Pictures with short captions
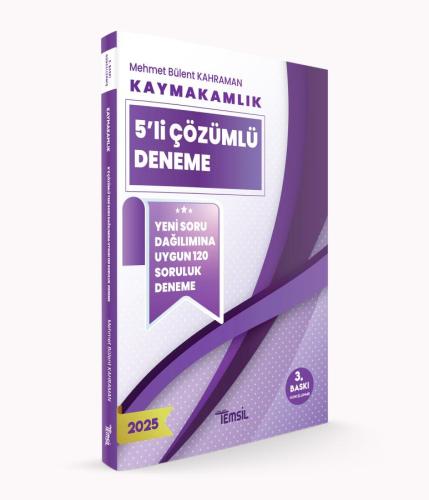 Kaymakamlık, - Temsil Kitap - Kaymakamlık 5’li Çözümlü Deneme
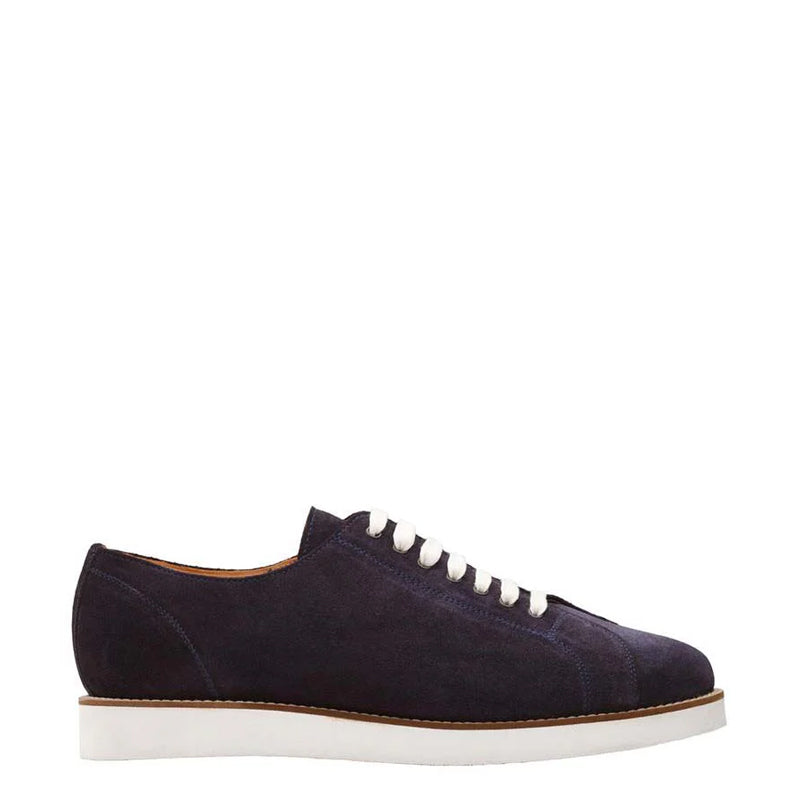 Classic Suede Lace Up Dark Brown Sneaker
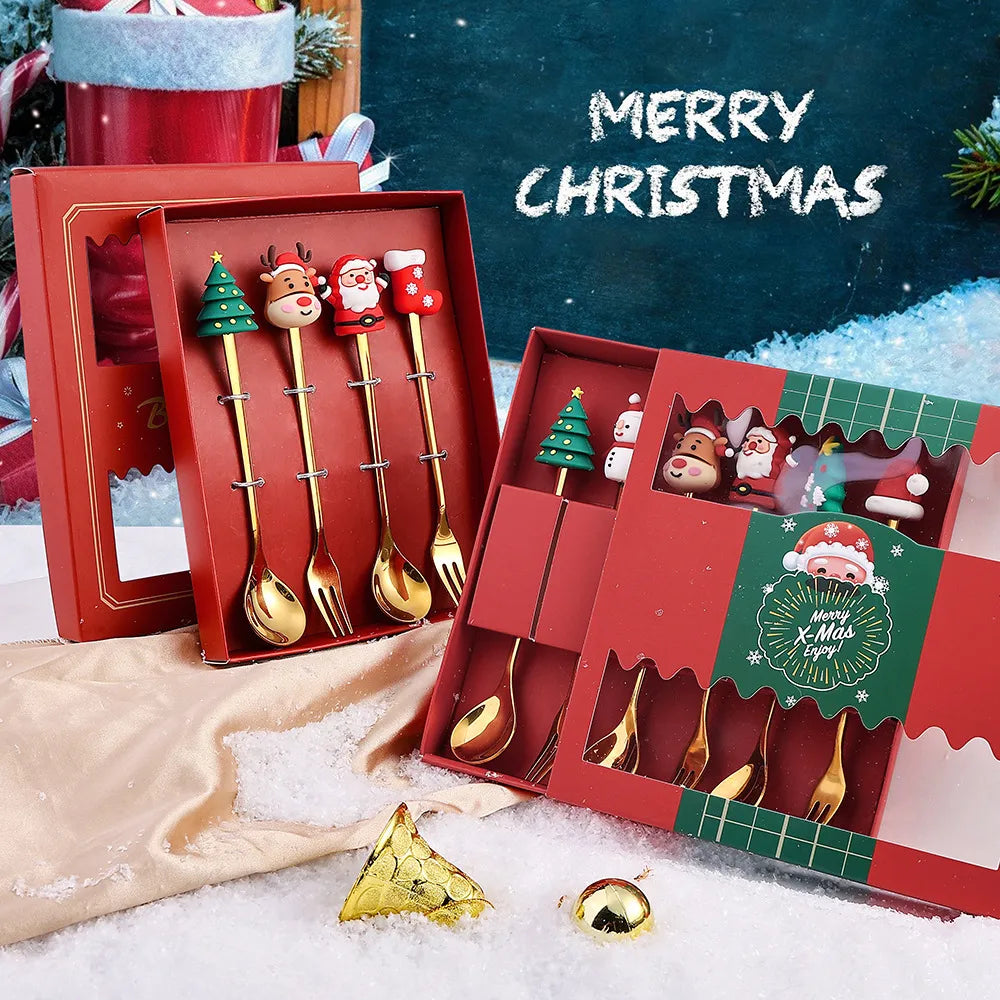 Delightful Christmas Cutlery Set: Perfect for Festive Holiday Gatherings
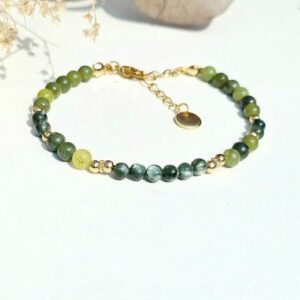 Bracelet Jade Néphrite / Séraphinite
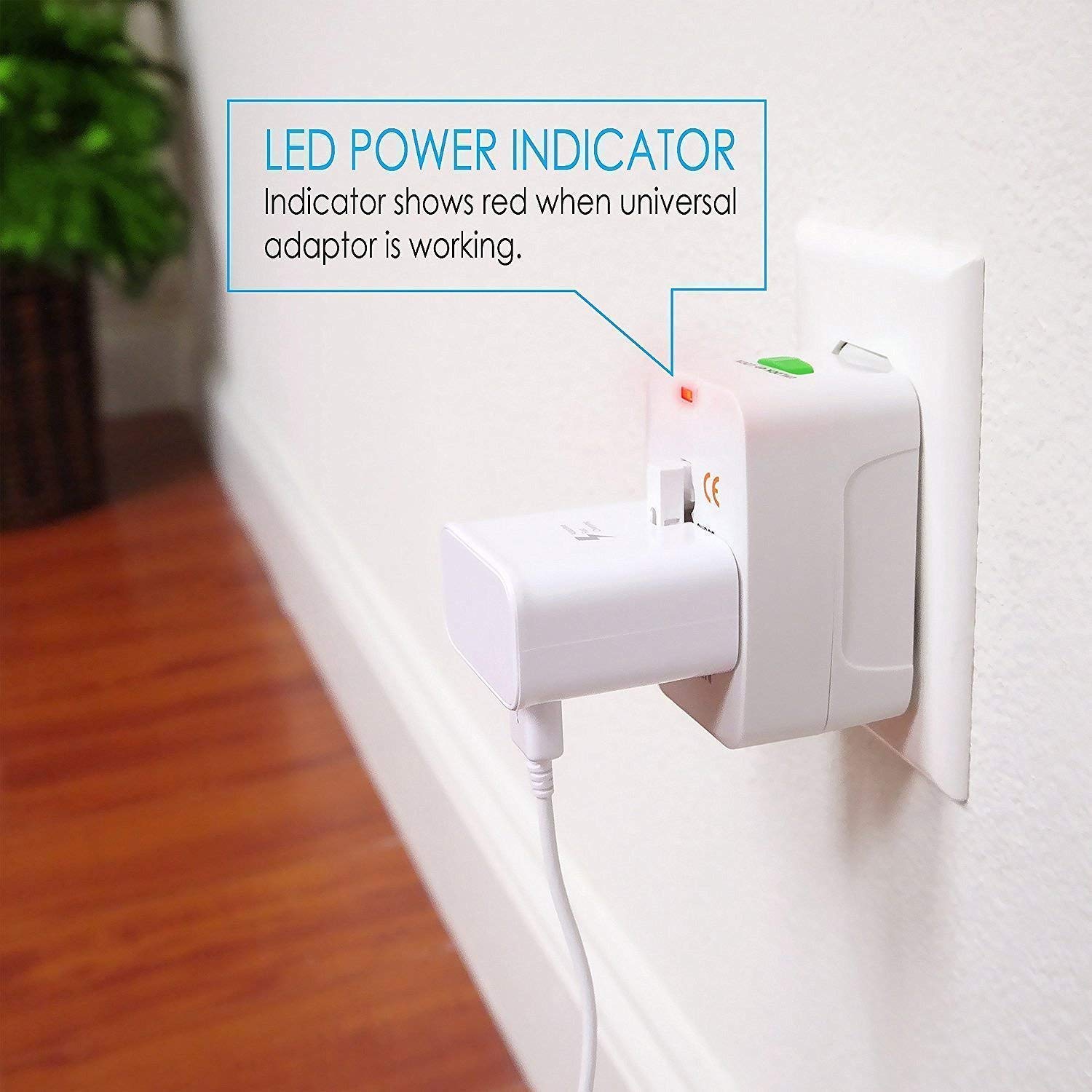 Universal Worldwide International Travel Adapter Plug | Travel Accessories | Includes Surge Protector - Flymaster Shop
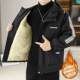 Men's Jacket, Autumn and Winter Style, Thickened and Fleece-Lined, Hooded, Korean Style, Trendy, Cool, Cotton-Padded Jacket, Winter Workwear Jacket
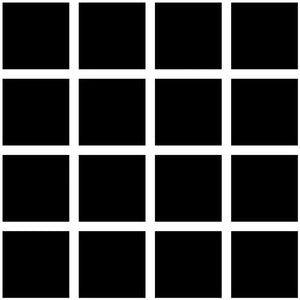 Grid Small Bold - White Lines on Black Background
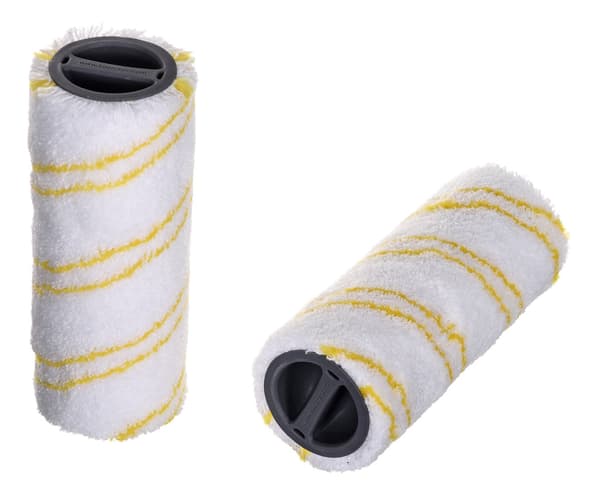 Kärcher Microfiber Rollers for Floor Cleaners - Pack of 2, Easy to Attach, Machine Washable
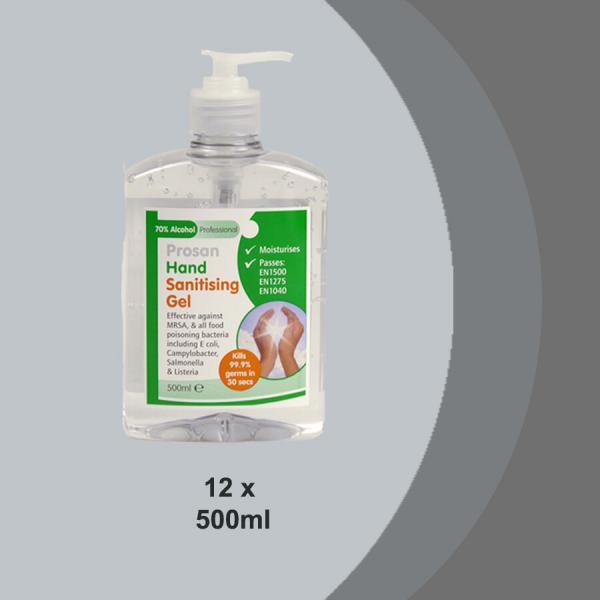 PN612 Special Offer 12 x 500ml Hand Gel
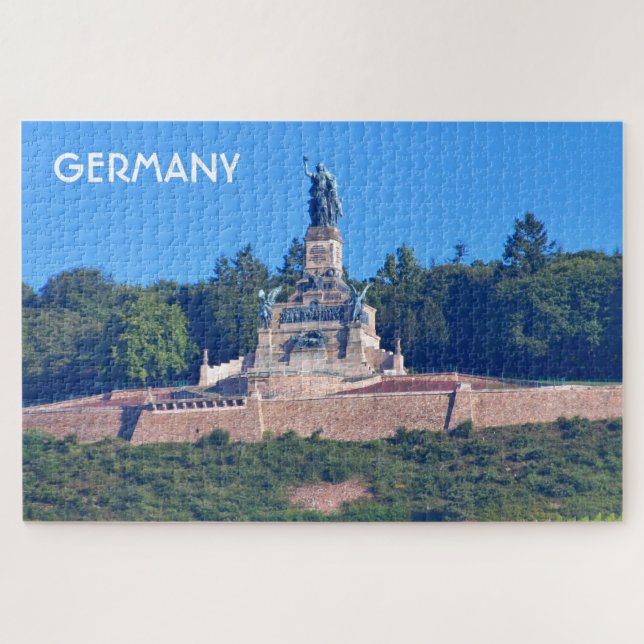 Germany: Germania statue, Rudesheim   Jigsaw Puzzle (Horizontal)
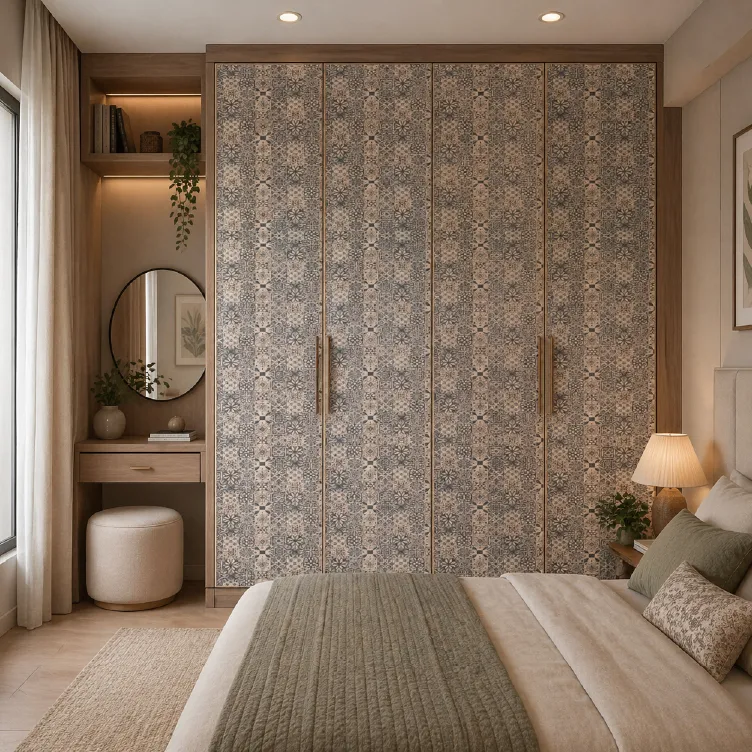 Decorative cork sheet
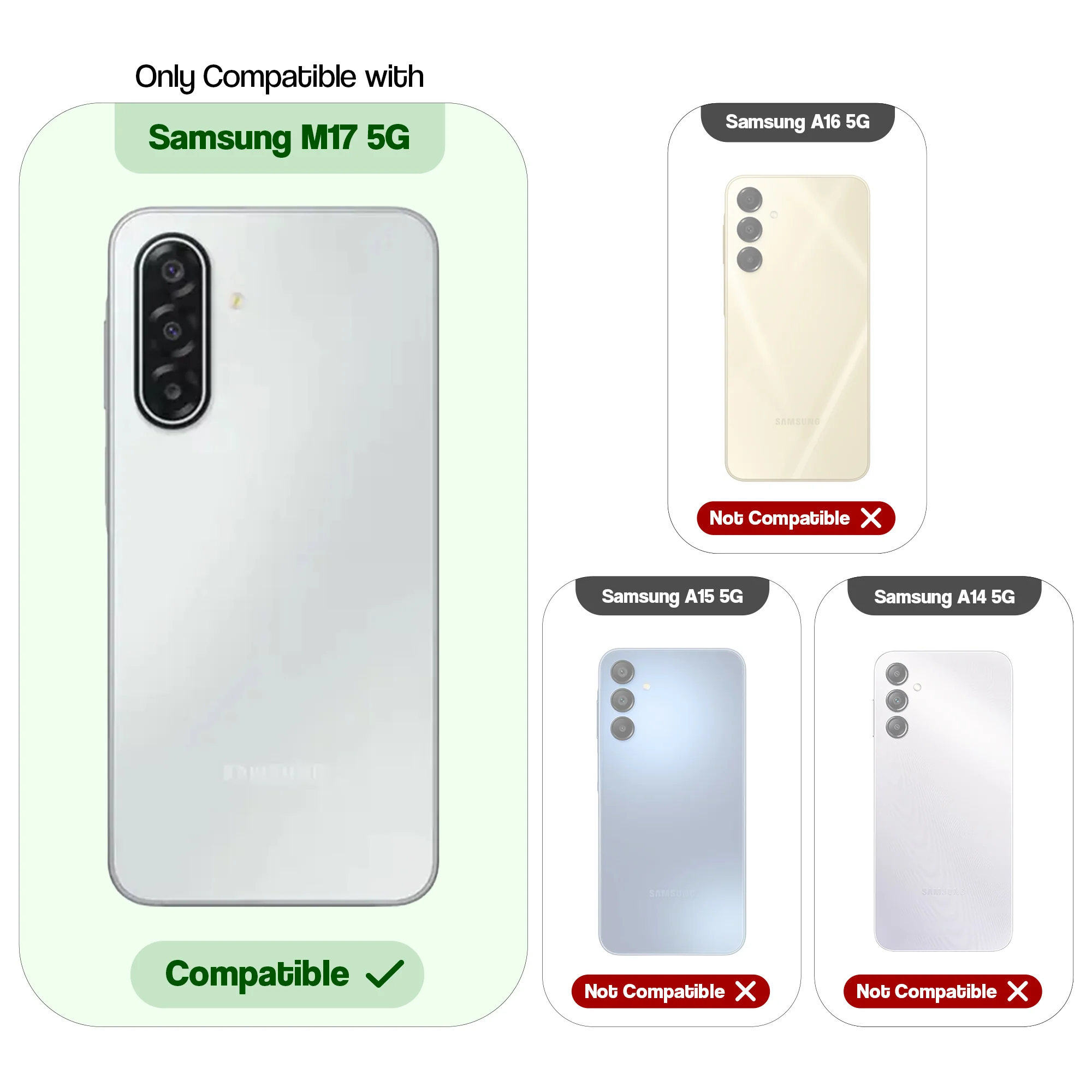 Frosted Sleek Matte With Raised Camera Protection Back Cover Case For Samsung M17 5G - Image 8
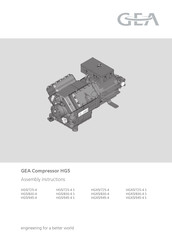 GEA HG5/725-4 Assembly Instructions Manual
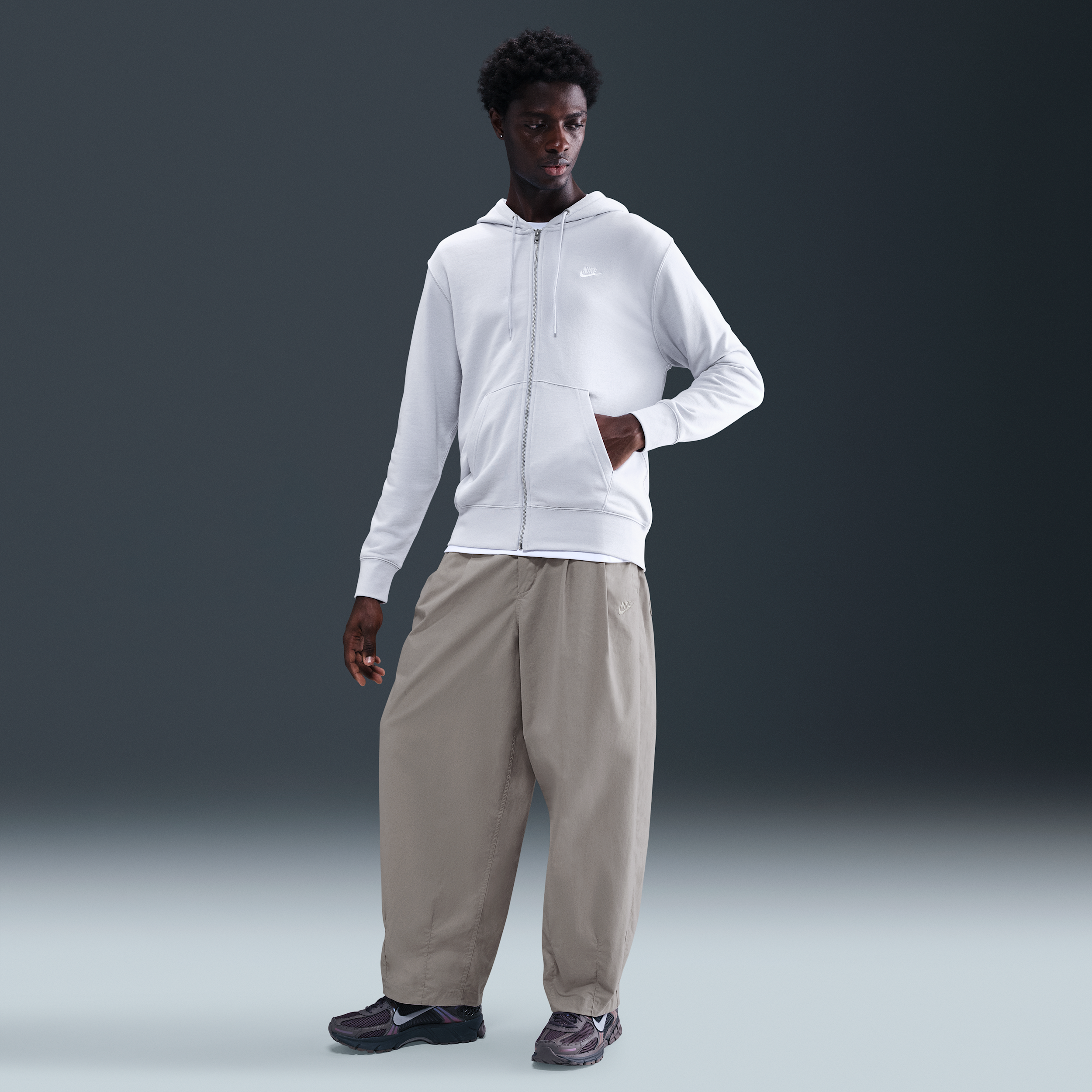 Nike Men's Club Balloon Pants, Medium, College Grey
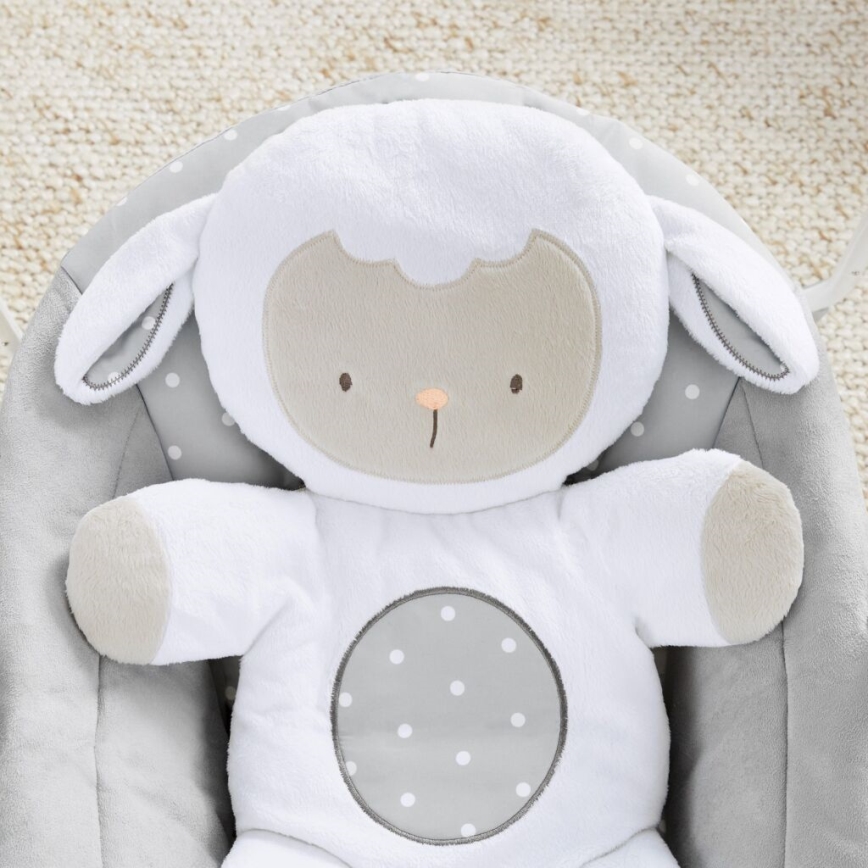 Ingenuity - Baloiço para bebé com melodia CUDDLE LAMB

## Task requirements
Give every record again word for word, pictures excluded.

## Response to this exercise
 Kaymakamlık, - Temsil Kitap - Kaymakamlık 5’li Çözümlü Deneme
 Classic Suede Lace Up Dark Brown Sneaker
 Delightful Christmas Cutlery Set: Perfect for Festive Holiday Gatherings
 Bracelet Jade Néphrite / Séraphinite
 Universal Worldwide International Travel Adapter Plug | Travel Accessories | Includes Surge Protector - Flymaster Shop
 Men's Jacket, Autumn and Winter Style, Thickened and Fleece-Lined, Hooded, Korean Style, Trendy, Cool, Cotton-Padded Jacket, Winter Workwear Jacket
 Grid Small Bold - White Lines on Black Background
 Kärcher Microfiber Rollers for Floor Cleaners - Pack of 2, Easy to Attach, Machine Washable
 PN612 Special Offer 12 x 500ml Hand Gel
 Germany: Germania statue, Rudesheim   Jigsaw Puzzle (Horizontal)
 Decorative cork sheet
 Frosted Sleek Matte With Raised Camera Protection Back Cover Case For Samsung M17 5G - Image 8
 GEA HG5/725-4 Assembly Instructions Manual
 Nike Men's Club Balloon Pants, Medium, College Grey
 Ingenuity - Baloiço para bebé com melodia CUDDLE LAMB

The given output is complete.